Candidates running for federal, state and local office have spent the last week filing with Utah’s elections office and county elections offices throughout the state. Filing for elected office opened last Friday and closed at 5 p.m. Thursday.

As of Thursday evening, 151 candidates had filed to run in various races that Utah County residents will vote in, according to Rozan Mitchell, the county elections director. These races include the U.S. House, state House and Senate, governor, attorney general, state auditor, state treasurer and state and district school boards.

Mitchell said it won’t be clear who will face off in the primary election or move forward to the general election until political parties hold their conventions.

Despite concerns over COVID-19, Mitchell said Utah County Elections Division employees worked in the office on Thursday since the county is obligated to facilitate candidate filing.

“And there’s no provision for them (candidates) to do it any other way than in person,” said Mitchell.

The elections director said her office has taken precautionary measures, including limiting the number of people who can be in the office at one time.

“We are practicing social distancing, both with our staff as well as with the candidates when they come in,” Mitchell said. “So that we can have fewer people congregating within the office.”

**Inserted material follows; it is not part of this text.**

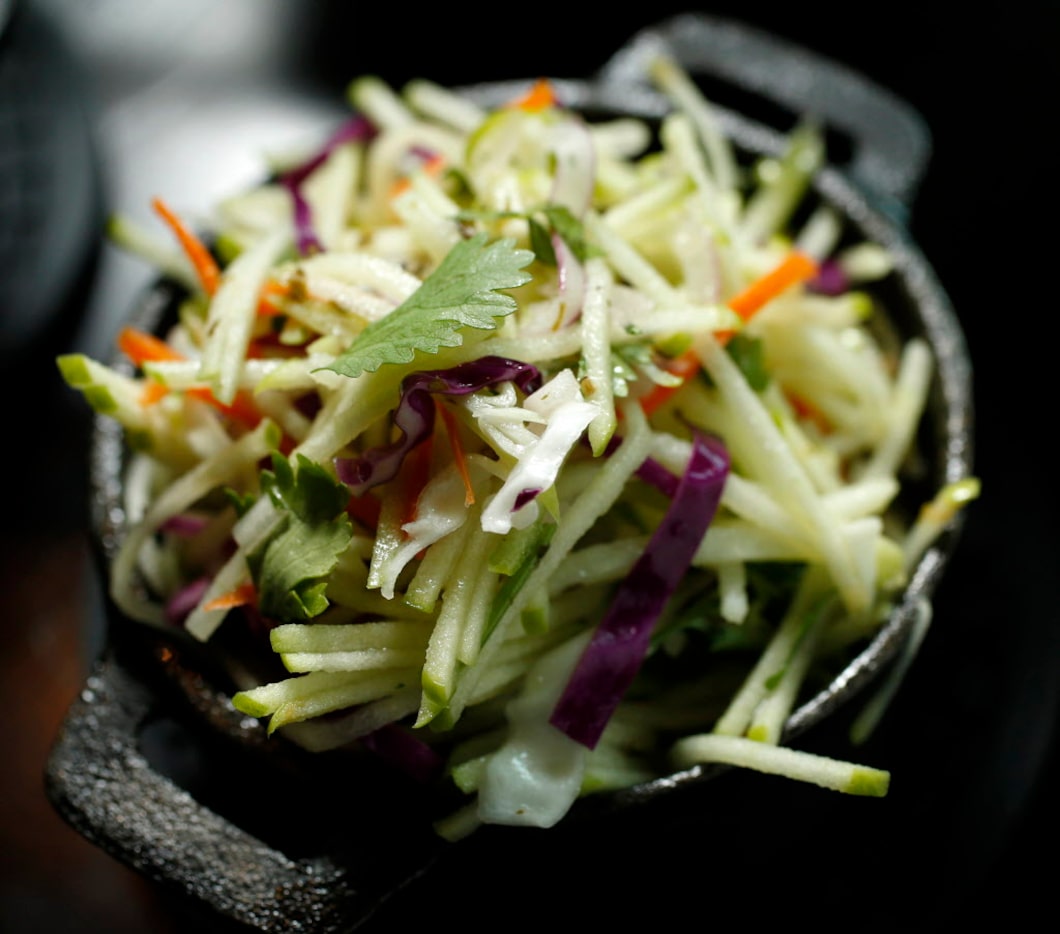 Green apple-chayote slaw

Utah County Commissioner Nathan Ivie, who is up for reelection, filed with the county election division on Tuesday.

“I’m thankful for the opportunity to serve the last four years and excited for the opportunity to earn another term,” Ivie tweeted.

A handful of candidates are competing for Ivie’s commission seat, including former commissioner Steve White and Tom Sakievich, who ran against Commissioner Tanner Ainge in 2018.

White and Sakievich are running as Republicans while Jeanne Bowen, who ran for a commission seat in 2016, filed as Democrat and Carson Robb filed as unaffiliated.

U.S. Rep. Ben McAdams, D-Utah, filed for reelection to the 4th Congressional District seat. He faces a number of challengers, including Republicans Burgess Owens, Cindy Thompson, Jay McFarland, Kathleen Anderson and Kim Coleman, along with Democrat Daniel Beckstrand and Libertarian John Molnar.

Former Provo mayor and 3rd Congressional District Republican Rep. John Curtis is running against Democrats Trey Robinson, Devin Thorpe and Jared Anderson, as well as United Utah Party member Thomas McNeill and Constitution Party of Utah member Daniel Cummings.

More than two dozen candidates have filed to run for governor, including Lt. Gov. Spencer Cox and former Gov. John Huntsman, who tapped Spanish Fork Republican Sen. Deidre Henderson and Provo Mayor Michelle Kaufusi as their respective running mates.

Utah County Attorney David Leavitt is running for Utah Attorney General, along with incumbent Attorney General Sean Reyes, Kevin Probasco and Greg Skordas.

Former Attorney General John Swallow, who resigned in 2013 amid a corruption investigation and was later acquitted on all charges, entered the race late Thursday.

Utah County Recorder Jeffery Smith is not seeking reelection this year. County employees Andrea Allen, Paul Child, Brian Voeks and Doug Gifford are all running for the county recorder position.

A number of Utah County state senators and representatives are up for reelection this year, including Senate Majority Whip Dan Hemmert, R-Orem, Sen. Jacob Anderegg, R-Lehi, Sen. Curt Bramble, R-Provo, Sen. David Hinkins, R-Orangeville, Rep. Brady Brammer, R-Highland, Rep. Norm Thurston, R-Provo, Rep. Brad Daw, R-Orem and Rep. Cory Maloy, R-Lehi.

Rep. Mike McKell, R-Spanish Fork, had originally filed for reelection to House District 66 but withdrew on Wednesday in order to run for Senate District 7 after Sen. Deidre Henderson, R-Spanish Fork, announced she would not be seeking another term, according to Mitchell.

“State Senate 7 is a hot race,” Mitchell said, “and that’s drawing lots of attention.”

A number of candidates filed to run for Henderson’s seat at the last minute, including Vineyard Mayor Julie Fullmer and Utah State Board of Education member Scott Neilson.

Mitchell said candidates who have gathered signatures can skip the convention and go straight to their party’s primary to compete.

Approximately a dozen candidates have filed a notice of intent to gather signatures, including Ivie, Bramble, Anderegg, Hemmert, Brammer, Rep. Keven Stratton, R-Orem, and Rep. Kay Christofferson, R-Lehi.

A full list of candidates who have filed to run for public office can be viewed on the state and county elections websites.